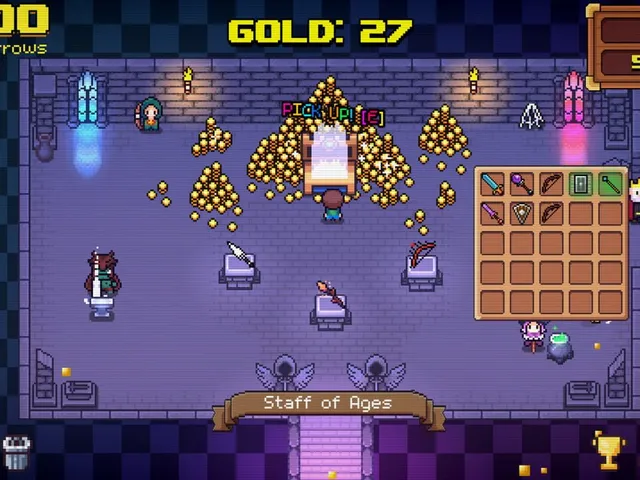 A Game About Opening a Chest
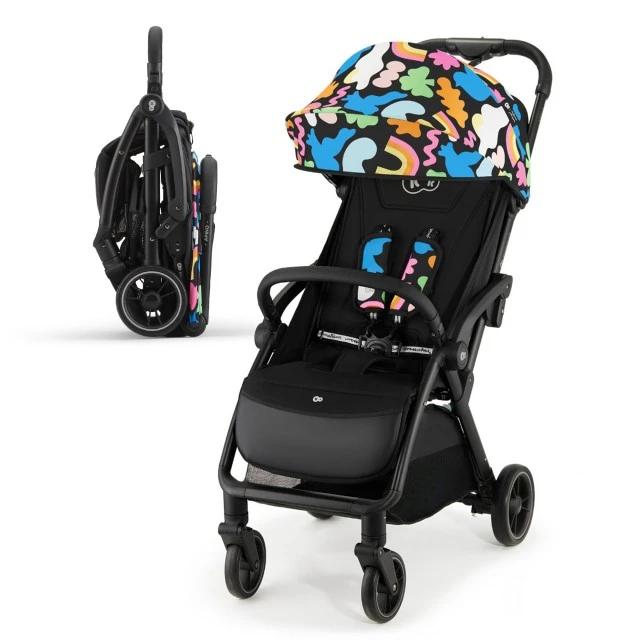 Kinderkraft APINO baby stroller HAPPY SHAPES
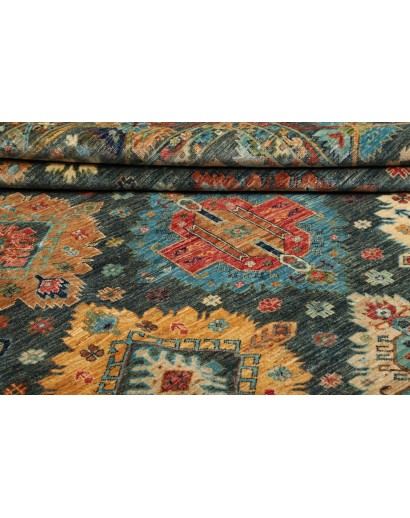 Tappeto Tribal Pakistan bianco marrone 240x312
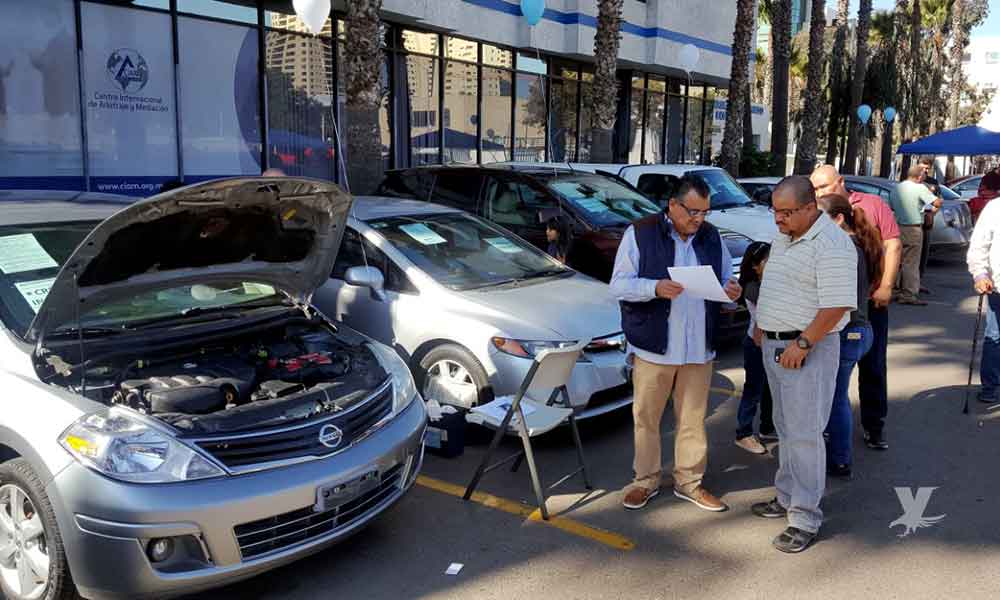 Realizarán bazar de vehículos en Tijuana; podrás comprarlo con tu crédito Infonacot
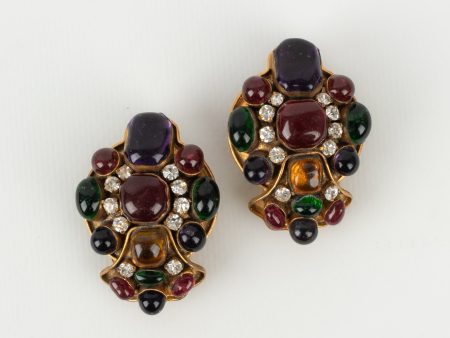 Boucles d oreilles Chanel 1993 Online Hot Sale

======

▶ **Assignment**:
From the first line to the last, output the records exactly without pictures.

▶ **Solution to the problem**:
 A Game About Opening a Chest
 Kinderkraft APINO baby stroller HAPPY SHAPES
 Tappeto Tribal Pakistan bianco marrone 240x312
 Realizarán bazar de vehículos en Tijuana; podrás comprarlo con tu crédito Infonacot
 Boucles d oreilles Chanel 1993 Online Hot Sale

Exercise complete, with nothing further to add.